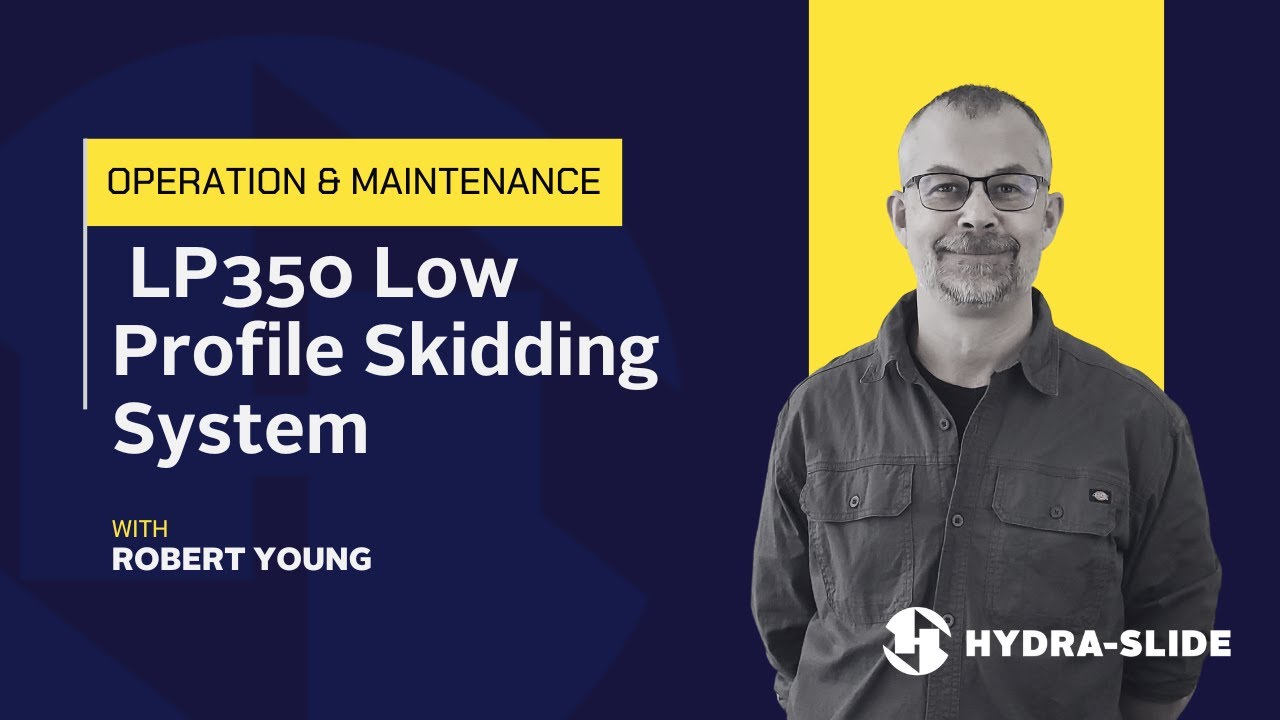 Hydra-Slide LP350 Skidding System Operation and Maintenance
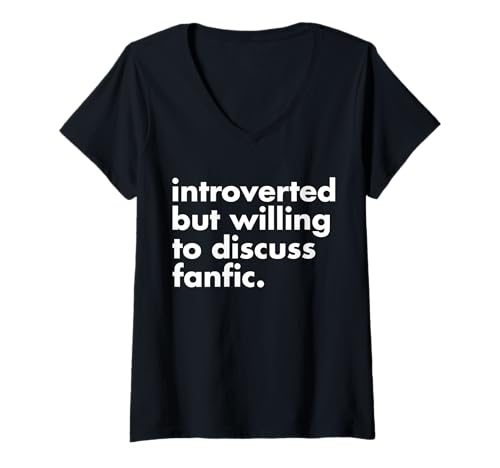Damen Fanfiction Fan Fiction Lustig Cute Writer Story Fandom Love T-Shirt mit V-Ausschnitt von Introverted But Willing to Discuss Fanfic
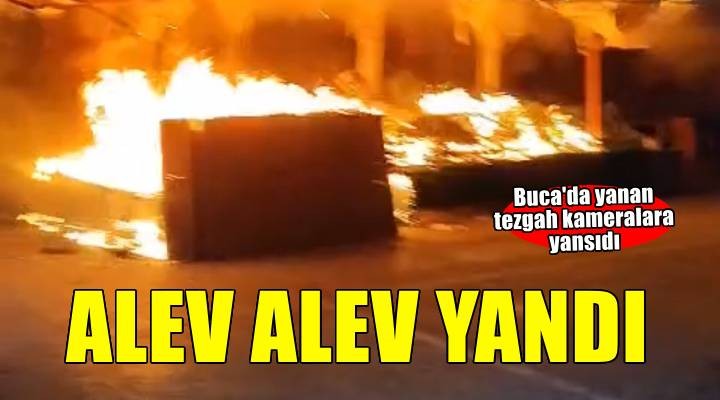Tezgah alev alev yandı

* * * * * * *

WHAT THE EXERCISE ASKS –
Output the whole listing again, exactly, without its pictures.

OUTPUT OF THE TASK –
 Hydra-Slide LP350 Skidding System Operation and Maintenance
Damen Fanfiction Fan Fiction Lustig Cute Writer Story Fandom Love T-Shirt mit V-Ausschnitt von Introverted But Willing to Discuss Fanfic
Tezgah alev alev yandı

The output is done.